** About this task **
Retype the whole listing exactly. Leave out pictures.

** The data **
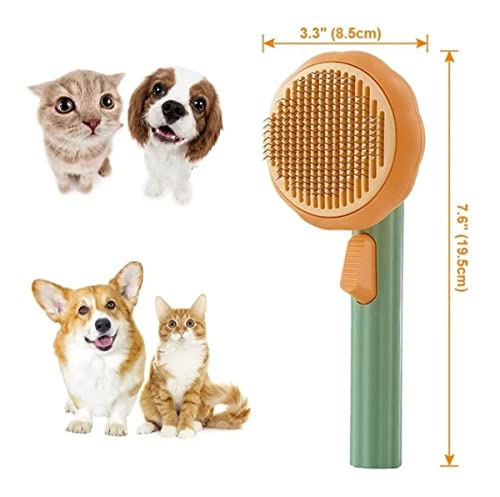 Escova Tira Pelos Rasqueadeira Autolimpante Desembaraçador Removedor De Pelos Para Cães E Gatos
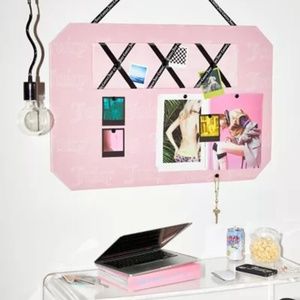 Super Rare pink and black juicy couture vision board
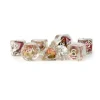 Dice<16mm Resin Poly Dice Set: Rose Dice MET 751 - Miniature Marvels: Airplane Models & Painted Dice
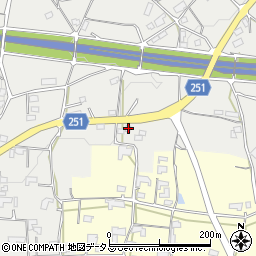 徳島県美馬市脇町大字北庄1227周辺の地図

** Written reply **
 Escova Tira Pelos Rasqueadeira Autolimpante Desembaraçador Removedor De Pelos Para Cães E Gatos
 Super Rare pink and black juicy couture vision board
 Dice<16mm Resin Poly Dice Set: Rose Dice MET 751 - Miniature Marvels: Airplane Models & Painted Dice
 徳島県美馬市脇町大字北庄1227周辺の地図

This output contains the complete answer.